Workers at Macy’s store in Massachusetts can unionize
New York – The National Labor Relations Board has issued a ruling that workers in the cosmetics and fragrances department in a Macy’s store located in Saugus, Massachusetts, have the right to attempt to unionize. The 3-1 ruling sided with the United Food and Commercial Workers union and said the 41 Macy’s employees form a community of interest.
The Retail Litigation Center (RLC) issued the following statement in response to the decision.
“The decision from the NLRB abandons longstanding legal precedent for retail store bargaining unit determinations in favor of an illogical and circular analysis intended to tilt the balance at the expense of the overall harmony and unity of a retail store’s full employee complement,” said RLC president Deborah White. “Nothing in this case justified a departure from a half-century’s worth of precedent that consistently recognized a presumption in the retail context in favor of the whole-store unit.
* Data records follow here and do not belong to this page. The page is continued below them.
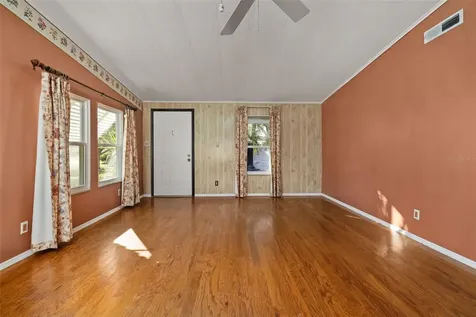 2118 Canopy Circle Zellwood FL 32798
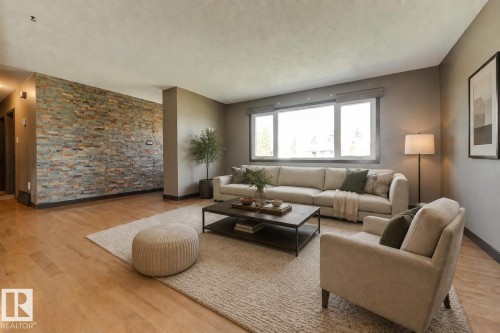 8003 136 Avenue Nw, Edmonton, AB - Indoor Photo Showing Living Room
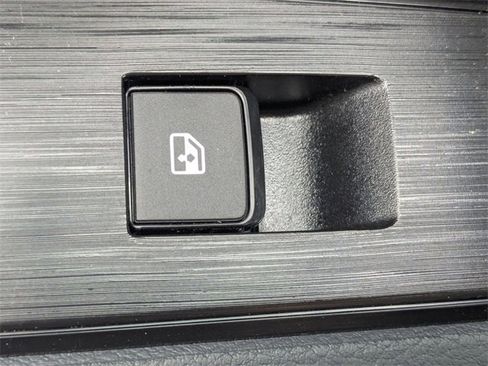 New 2026 Nissan Kicks S image 25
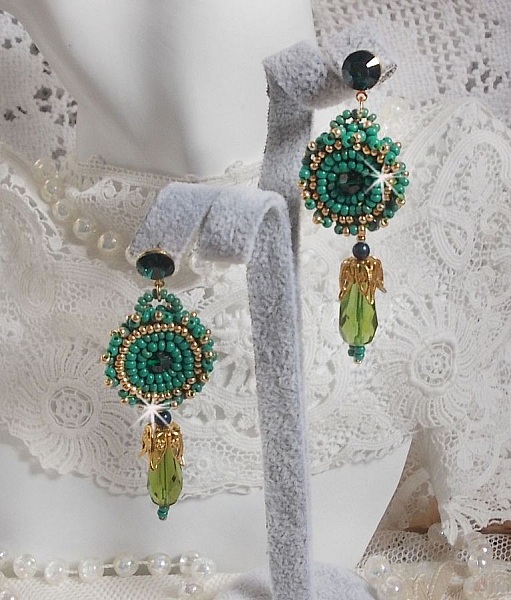 BO Charnelle embroidered with round beads and Swarovski cabochons, faceted drops and seed beads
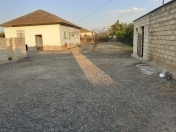Satılır 3 otaqlı 3300 m2 həyət evi Sabirabad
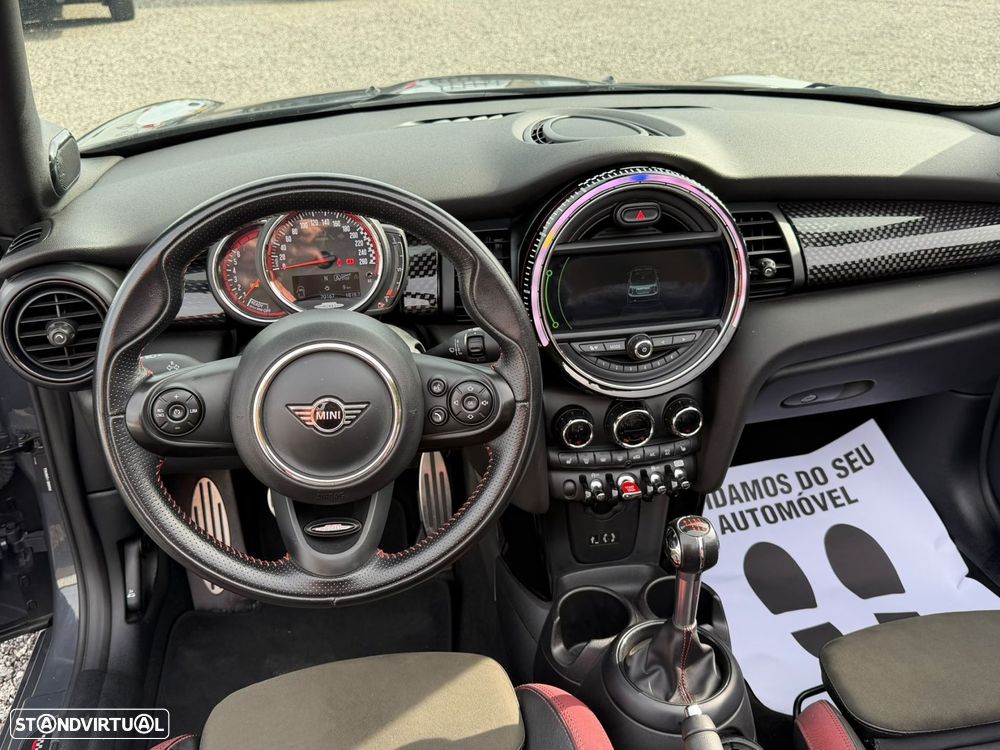 MINI Cabrio John Cooper Works - 21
These labor practices are fundamentally at odds with the needs of the retail industry and the expectations of American consumers.”
The National Retail Federation, which filed an amicus brief in the Macy's case, said the ruling was improper and accused the board of overstepping its bounds to advocate for unions.
"Recognizing individual groups of employees that work in the same store as unique bargaining units is nonsensical and impractical," said David French, senior VP of government relations, NRF, in a statement to the Wall Street Journal.